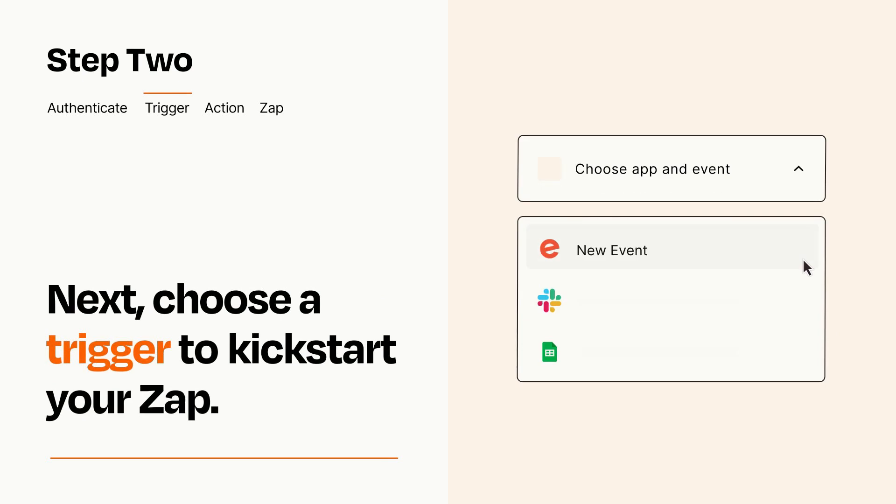Now let's set up your trigger, which is the event that starts your Zap. Pick the trigger event that you want from the list.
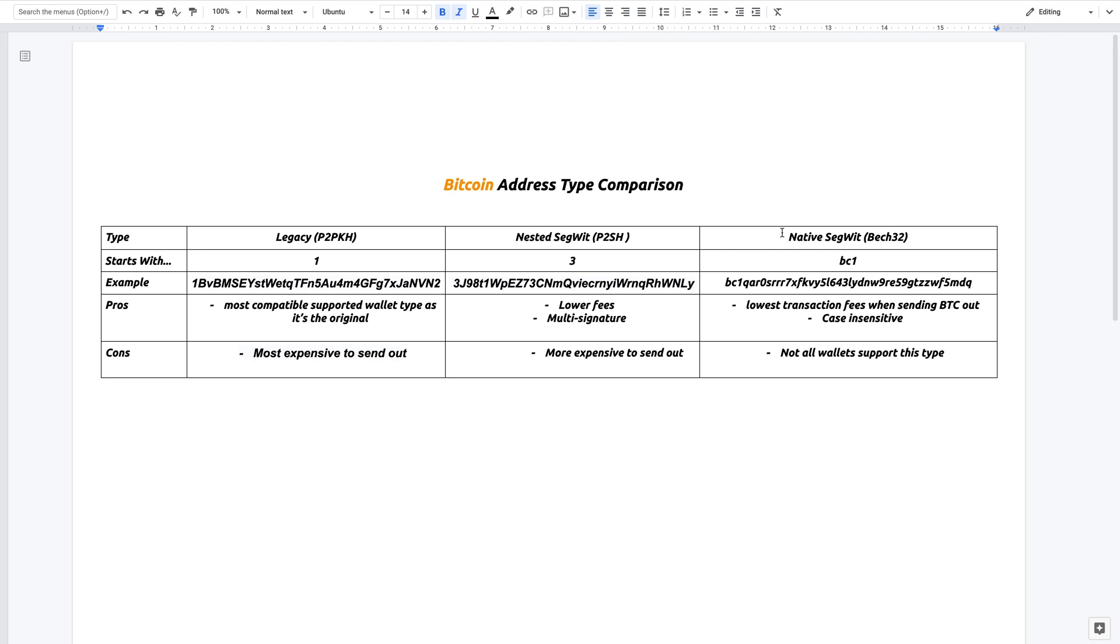So the last option here is native segwit. All of the addresses start with bc1. This is an example. The pro is that it's the lowest transaction fee when you send Bitcoin out.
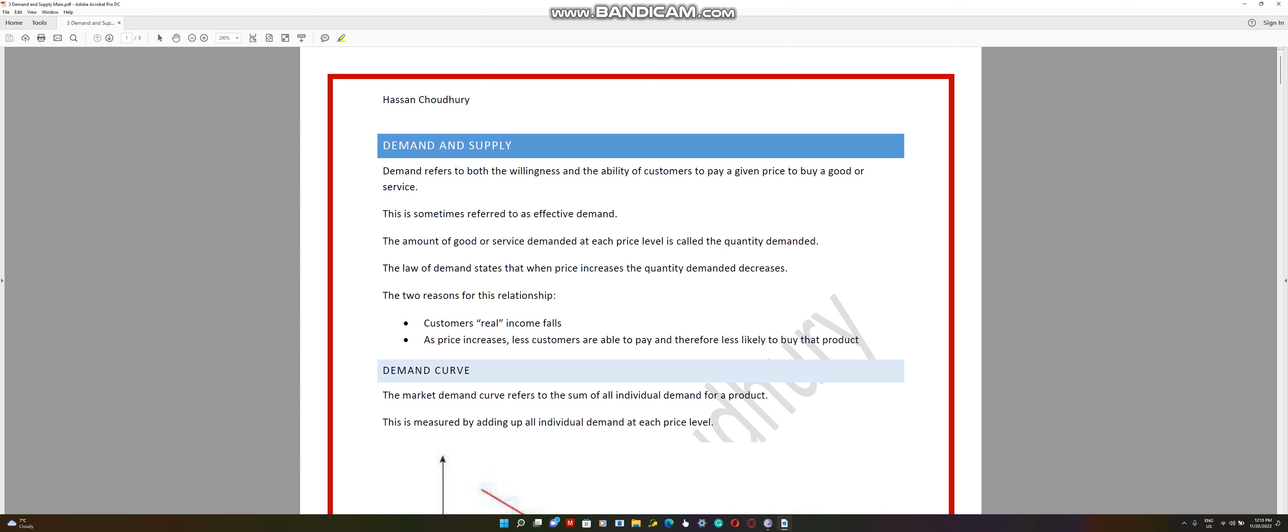Hi, welcome to today's video for IGCSE and GCSE Economics, the topic Demand and Supply. First of all, we're going to be covering the topic Demand.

* [PROBLEM REQUIREMENTS]
Where the data includes pictures, leave them out and write out everything else exactly.

* [WRITTEN ANSWER]
Now let's set up your trigger, which is the event that starts your Zap. Pick the trigger event that you want from the list.
So the last option here is native segwit. All of the addresses start with bc1. This is an example. The pro is that it's the lowest transaction fee when you send Bitcoin out.
Hi, welcome to today's video for IGCSE and GCSE Economics, the topic Demand and Supply. First of all, we're going to be covering the topic Demand.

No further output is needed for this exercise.